Germ hücreleri, lobüler lümen olmadığı için doğrudan merkezi boşluğa salınır. Bu formda, genellikle radyal olarak düzenlenmiş kısa tüplerin açıldığı merkezi bir boşluk bulunur. Testis yapıları lepistes, Poe-cilia reticulata'da bulunur (Şek. 20.7a, b).

Dipnoanlarda Protopterus'ta seminifer tübüller bulunurken, Lepidosiren'de ampullalar bulunur. Yarı ince tüpler, Lipidosiren'in ampullalarından çok daha büyüktür. Sağ ve sol testislerin kanaliküler veya oran uzantıları medyan bir tüp oluşturmak için birleşir.

Histoloji:

Her testis bir bağ dokusu kılıfında bulunur. Bağ dokusunun tunika lümeni, lümen oluşturan tüplere yansır. Kör ucu, primer spermlerin bölgesidir. Boru biçimindeki yapı, interstisyel ve lobüler olmak üzere iki bölümden oluşur. İnterstisyel kısım, interstisyel hücreler, fibroblastlar ve kan ve lenf damarlarından oluşur.

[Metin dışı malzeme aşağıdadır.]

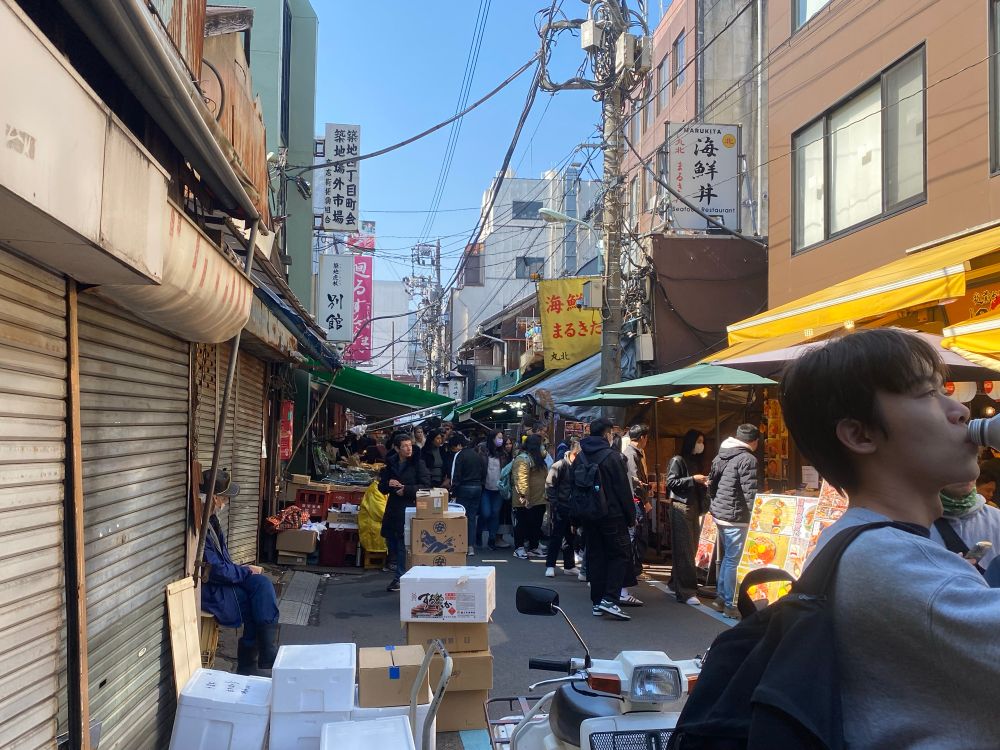Street in Tsukiji fish market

Lobüler kısım, germ hücrelerine ve somatik hücrelere ayrılır. Somatik hücreler lipid ve kolesterol için pozitif ve memeli Leydig hücreleri ile homologdur. Birkaç araştırmacı kolesterolün lipit pozitif olduğunu belirtti.

Hücrenin doğası, Leydig hücrelerine homolojileri için steroid üreten hücreler oldukları için sadece ölçüt değildir. Leydig hücreleri steroid hormonları salgılar. İntersitideki bir başka hücre tipi Sertoli hücreleridir. Sertoli hücreleri temel olarak, spermatogonik hücrelerle çevrili ve aralarındaki boşluğu dolduran karmaşık apikal ve lateral süreçlere sahip sütunsal hücrelerdir (Şekil 20.8). Germinal hücrelere besin sağlarlar.

Memelilerde işlevi, seminifer epiteli ve genital kanal sisteminin proksimal kısmı içinde testosteronu konsantre etmeye yarayan salgılayan androjen bağlayıcı protein içerebilir. Salgılanması Leydig hücrelerinin mitoz, mayoz ve steroidojenik fonksiyonlarının düzenlenmesinde ve gonadotropinlerin hipofizden salınmasında yardımcı olur.

Grier ve Linton 1977, Sudan siyah lekesini alırken sertoli homologlarının hücrelerini buldu. Bu hücrelerin Sertoli hücreleri, kist hücreleri veya Sertoli homolog hücreleri olarak adlandırılıp adlandırılmaması gerektiği terminolojisine gelince, teleostlarda Sertoli hücreleri olarak adlandırılabilecek bir oybirliği vardır.

spermatogenez:

Spermatogenez, spermatogonik hücrelerin farklılaşmamış diploid (2n) spermatogonia'dan çok özelleşmiş haploid (n) spermatozoa'ya dönüştürüldüğü gelişimsel süreçtir.

Genel olarak üç ana aşama vardır:

(i) Spermatogonial faz veya spermatocytogenesis.

(ii) Mayotik faz veya mayoz.

(iii) Spermatid faz veya spermiogenez.

Balıkların erken evrelerinde spermatogonium bir büyük yuvarlak nükleol ile büyük oval bir hücredir. Birincil spermatocyte, daha sonra olgunlaşma (veya mayoz) bölünmesi ile ikincil spermatozite ayrılır ve daha sonra spermatide dönüşür. Spermatid daha sonra bir sperm olarak gelişir.